I have an old computer that I use as a makeshift NAS, which I've done for years with old systems. Last week it became inaccessible to one particular computer, at random, but the rest of the network had no issues.

Screenshot of the error shown when trying to access my makeshift NAS.

Error code: 0x80070035. The network path was not found.

It was strange because nothing had changed on either side, at least that I could find. Even stranger was that although it'd fail the first time I tried to access it, if I waited about a minute it'd then be fine for the rest of the day.

After a few days of failures I figured that this wasn't one of those things and decided to sort out this irritance.

Wireshark is my first port of call when it comes to network issues. It was very revealing; contrary to the error message, not only was the computer "found", but it had a nice little chat before terminating the connection (the normal way, not a TCP RST). Misleading or what?
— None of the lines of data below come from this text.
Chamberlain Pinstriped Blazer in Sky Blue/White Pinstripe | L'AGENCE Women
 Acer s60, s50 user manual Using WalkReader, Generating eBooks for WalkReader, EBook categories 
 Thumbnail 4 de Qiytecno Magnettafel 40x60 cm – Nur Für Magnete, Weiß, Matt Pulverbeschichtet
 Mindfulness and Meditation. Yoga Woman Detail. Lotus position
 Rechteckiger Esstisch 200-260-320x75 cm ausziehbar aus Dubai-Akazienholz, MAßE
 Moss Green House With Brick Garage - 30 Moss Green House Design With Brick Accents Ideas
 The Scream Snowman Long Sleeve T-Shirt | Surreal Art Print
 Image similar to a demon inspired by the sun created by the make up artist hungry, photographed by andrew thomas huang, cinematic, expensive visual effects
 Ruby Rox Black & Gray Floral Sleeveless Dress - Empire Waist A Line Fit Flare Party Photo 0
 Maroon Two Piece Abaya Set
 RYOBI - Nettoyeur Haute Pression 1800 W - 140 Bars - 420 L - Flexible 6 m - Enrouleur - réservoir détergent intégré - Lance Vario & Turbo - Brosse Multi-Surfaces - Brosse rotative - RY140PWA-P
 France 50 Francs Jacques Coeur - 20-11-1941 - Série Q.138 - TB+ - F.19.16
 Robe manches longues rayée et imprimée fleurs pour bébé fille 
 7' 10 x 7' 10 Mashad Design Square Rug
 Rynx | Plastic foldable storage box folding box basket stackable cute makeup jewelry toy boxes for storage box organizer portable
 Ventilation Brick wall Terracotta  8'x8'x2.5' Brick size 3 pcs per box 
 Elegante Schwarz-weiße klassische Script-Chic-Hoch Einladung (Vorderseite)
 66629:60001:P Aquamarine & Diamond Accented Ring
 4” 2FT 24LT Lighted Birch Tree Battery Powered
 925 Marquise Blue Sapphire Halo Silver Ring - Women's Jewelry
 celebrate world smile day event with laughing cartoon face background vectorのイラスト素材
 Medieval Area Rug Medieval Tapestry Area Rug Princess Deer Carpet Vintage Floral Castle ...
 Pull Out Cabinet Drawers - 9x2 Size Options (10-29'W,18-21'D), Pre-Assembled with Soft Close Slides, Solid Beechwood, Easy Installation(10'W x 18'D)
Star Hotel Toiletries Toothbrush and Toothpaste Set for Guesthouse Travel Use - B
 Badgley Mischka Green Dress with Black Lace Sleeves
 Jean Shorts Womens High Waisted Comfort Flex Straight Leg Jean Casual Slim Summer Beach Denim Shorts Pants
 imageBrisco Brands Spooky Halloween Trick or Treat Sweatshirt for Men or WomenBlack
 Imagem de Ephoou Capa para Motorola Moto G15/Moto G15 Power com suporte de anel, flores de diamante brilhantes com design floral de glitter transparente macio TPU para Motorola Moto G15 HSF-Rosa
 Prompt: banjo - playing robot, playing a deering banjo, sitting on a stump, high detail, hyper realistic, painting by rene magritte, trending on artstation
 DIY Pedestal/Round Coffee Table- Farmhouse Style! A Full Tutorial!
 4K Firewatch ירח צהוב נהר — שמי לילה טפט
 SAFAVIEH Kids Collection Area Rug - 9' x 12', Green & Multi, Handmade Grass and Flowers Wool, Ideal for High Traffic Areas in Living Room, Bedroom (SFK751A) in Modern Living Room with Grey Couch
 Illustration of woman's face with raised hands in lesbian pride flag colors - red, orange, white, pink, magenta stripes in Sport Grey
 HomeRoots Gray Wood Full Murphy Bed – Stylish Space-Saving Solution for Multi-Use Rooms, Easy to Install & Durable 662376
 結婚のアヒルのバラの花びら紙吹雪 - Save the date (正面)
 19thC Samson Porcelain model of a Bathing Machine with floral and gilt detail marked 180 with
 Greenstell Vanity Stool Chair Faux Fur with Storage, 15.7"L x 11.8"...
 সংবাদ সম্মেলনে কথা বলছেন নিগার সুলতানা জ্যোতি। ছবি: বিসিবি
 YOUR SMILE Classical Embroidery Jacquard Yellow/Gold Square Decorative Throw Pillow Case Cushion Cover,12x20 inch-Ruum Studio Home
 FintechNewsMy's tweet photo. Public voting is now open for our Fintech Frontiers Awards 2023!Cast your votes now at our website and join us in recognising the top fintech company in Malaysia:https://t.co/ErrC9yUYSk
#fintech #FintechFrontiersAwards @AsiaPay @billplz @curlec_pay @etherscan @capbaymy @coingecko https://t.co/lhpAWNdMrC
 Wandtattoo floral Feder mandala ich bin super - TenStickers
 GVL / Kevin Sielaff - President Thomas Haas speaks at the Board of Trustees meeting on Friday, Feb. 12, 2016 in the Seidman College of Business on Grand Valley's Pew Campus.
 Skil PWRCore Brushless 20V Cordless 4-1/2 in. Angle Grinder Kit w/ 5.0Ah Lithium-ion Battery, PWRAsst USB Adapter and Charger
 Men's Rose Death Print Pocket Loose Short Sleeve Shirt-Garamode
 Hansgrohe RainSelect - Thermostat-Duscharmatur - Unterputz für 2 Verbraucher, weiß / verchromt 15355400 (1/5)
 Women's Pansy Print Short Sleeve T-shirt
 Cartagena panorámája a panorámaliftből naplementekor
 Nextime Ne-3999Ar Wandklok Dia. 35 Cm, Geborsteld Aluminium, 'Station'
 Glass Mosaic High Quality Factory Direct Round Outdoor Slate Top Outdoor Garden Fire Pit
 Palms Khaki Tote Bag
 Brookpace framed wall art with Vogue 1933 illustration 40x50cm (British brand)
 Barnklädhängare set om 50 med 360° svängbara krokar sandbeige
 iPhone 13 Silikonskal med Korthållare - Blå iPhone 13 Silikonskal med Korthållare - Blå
Screenshot of a Wireshark packet capture.

I wondered if there were any clues within the event logs. Older versions of Windows only log SMB server activities (no clues there, it was empty). Fortunately client events are logged on Windows 8 and up, and there was a relevant event within that one.

Event ID: 30824 The connection was forcibly disconnected.
Error: The transport connection is now disconnected.
Server address: 192.168.0.250:139 Client address: 192.168.0.2:50900 Instance name: \Device\LanmanRedirector Connection type: Tdi

I suppose this was slightly more honest than the earlier error message, but only slightly - it didn't say why. At least it was consistent with the Wireshark capture, but it was no help.

I decided to compare captures with some other computers, and that's what gave me the breakthrough I needed.

Solution

Other computers would connect via port 445, whereas the bad computer would connect to port 139. Ye olde NetBIOS 139. SMB v1 has always been disabled, as nothing in the network needs it. Hmm.

Windows 10 is supposed to connect to 445 first, and then fall back onto 139 if it fails. My captures demonstrated the opposite behaviour - that is, it'd try 139, fail, and then use 445 a minute later.

Anyway instead of going further I simply disabled NetBIOS over TCP on the bad computer and now it's all good again.

Screenshot of NetBIOS settings.

Now disabled, formerly at the default setting.

The takeaway from this is: accurate error messages are important.